* [Records for this task]
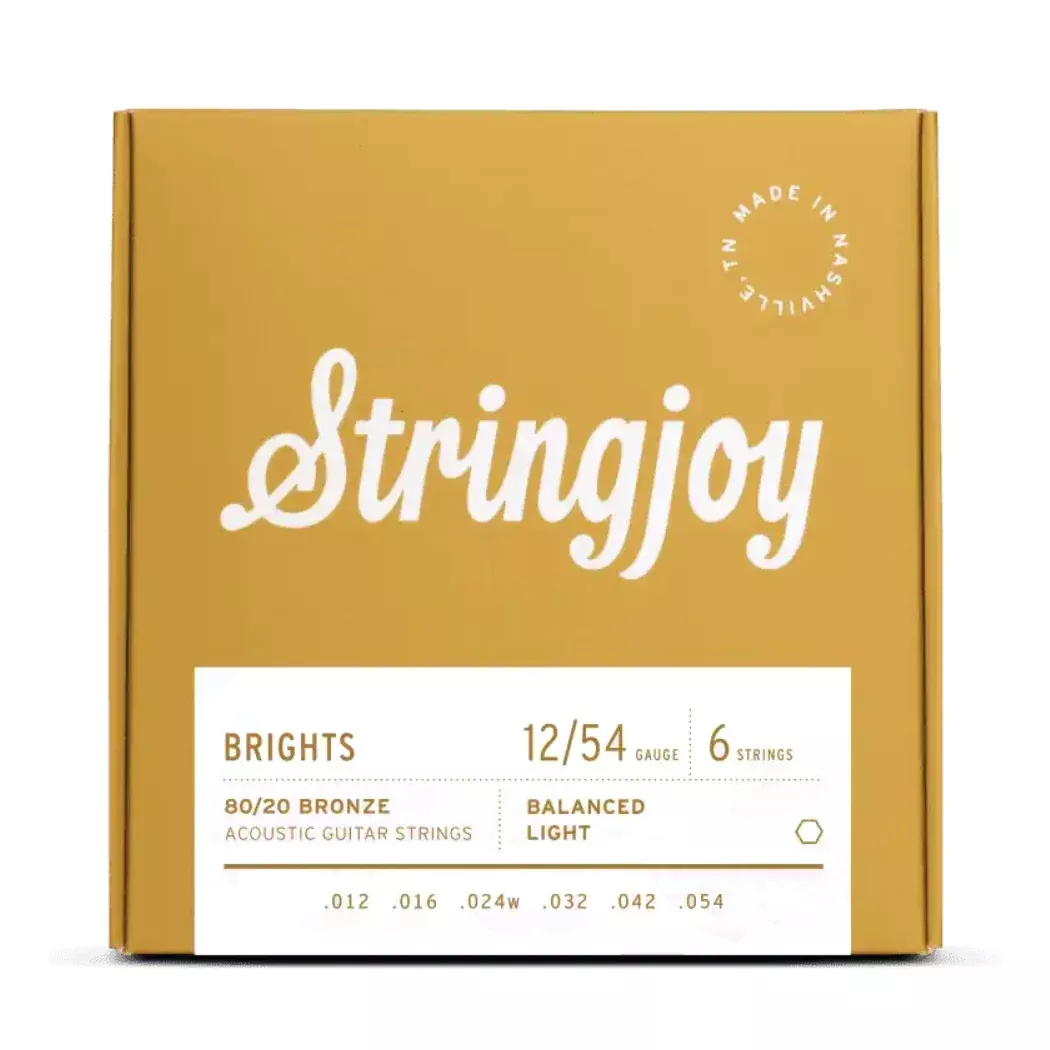 Stringjoy 12-54 Light Gauge Brights - 80/20 Bronze Acoustic Guitar Strings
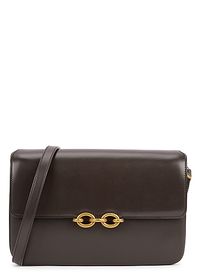 Saint Laurent Maillon dark brown leather shoulder bag - Harvey Nichols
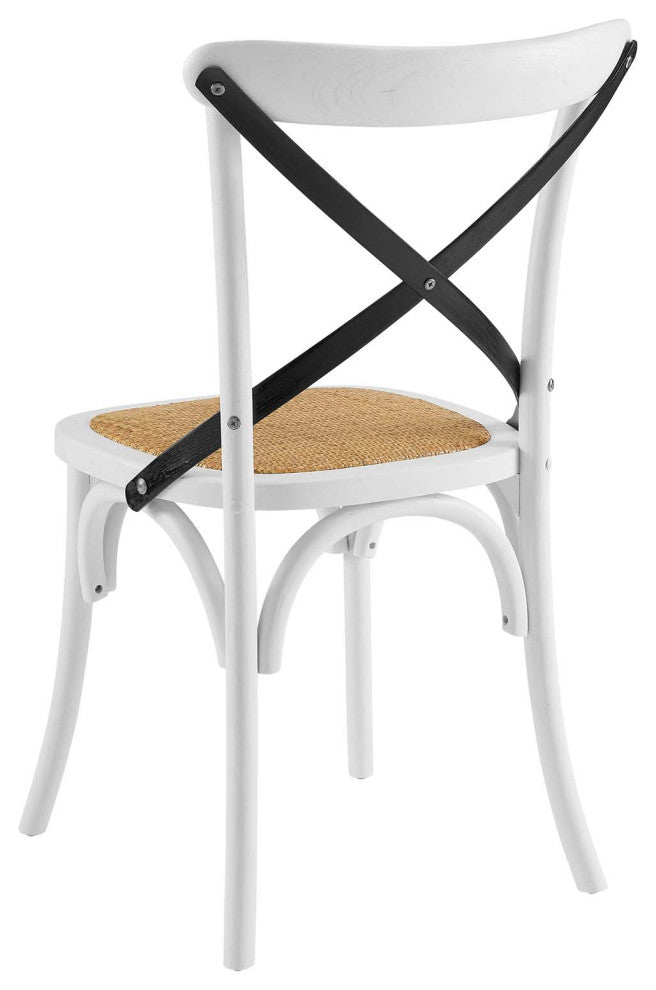 Side Dining Chair, Set of 2, Wood, White Black, Modern, Cafe Bistro Restaurant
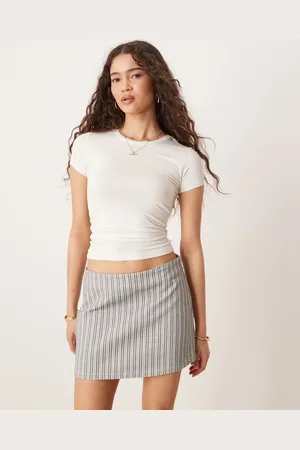Gina Tricot Soft Touch jersey short sleeve top with round neck in off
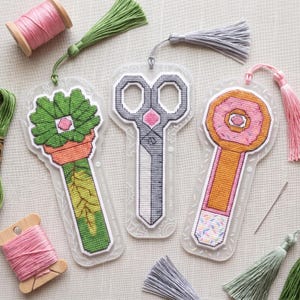 Cross Stitch Pattern Bookmark Set, Modern Sewing & Cactus Embroidery PDF Chart, Cute Needlework Craft DIY Gift for Book Lovers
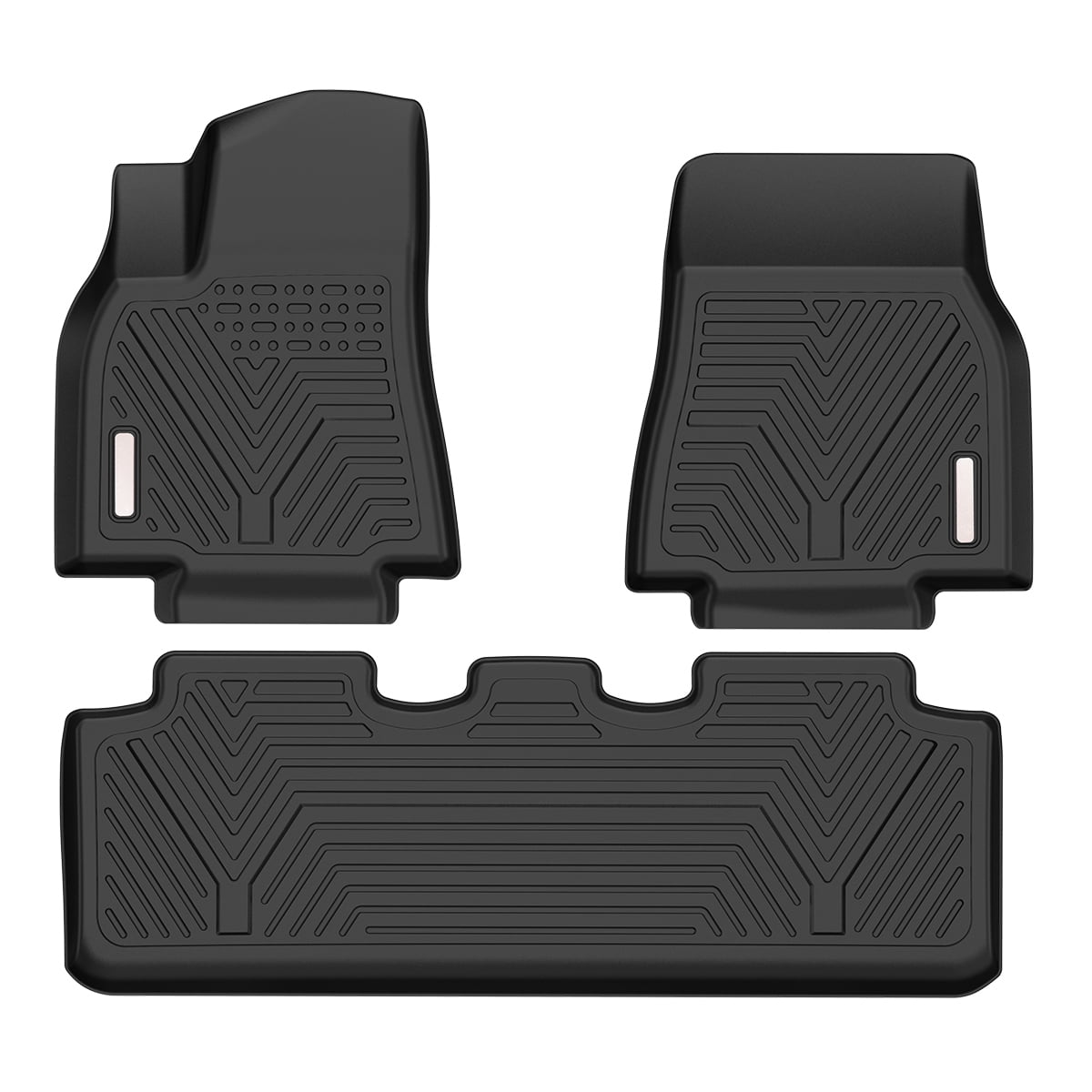 RVNI TPE Rubber Front and Rear 3 pcs for 2020 2021 2023 Tesla Model Y Floor Mats,1st & 2nd Row All-Weather Protection
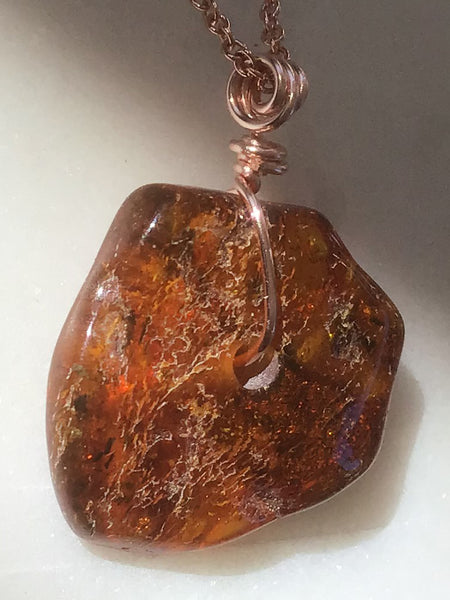 Genuine Natural Baltic Amber Necklace #11 - 16 Kt Rose Gold plated chain necklace Handmade Jewelry - Great gift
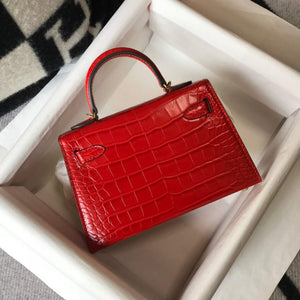 Hermes Kelly Bag Designer Hermes 19CM Shoulder Mini Bag Red 20454 - Default Title - View 3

* [Problem to work on] Copy out every line of the data above, taking care to leave the pictures out.

* [Expected answer]
 Stringjoy 12-54 Light Gauge Brights - 80/20 Bronze Acoustic Guitar Strings
 Saint Laurent Maillon dark brown leather shoulder bag - Harvey Nichols
 Side Dining Chair, Set of 2, Wood, White Black, Modern, Cafe Bistro Restaurant
Gina Tricot Soft Touch jersey short sleeve top with round neck in off
 Cross Stitch Pattern Bookmark Set, Modern Sewing & Cactus Embroidery PDF Chart, Cute Needlework Craft DIY Gift for Book Lovers
 RVNI TPE Rubber Front and Rear 3 pcs for 2020 2021 2023 Tesla Model Y Floor Mats,1st & 2nd Row All-Weather Protection
 Genuine Natural Baltic Amber Necklace #11 - 16 Kt Rose Gold plated chain necklace Handmade Jewelry - Great gift
 Hermes Kelly Bag Designer Hermes 19CM Shoulder Mini Bag Red 20454 - Default Title - View 3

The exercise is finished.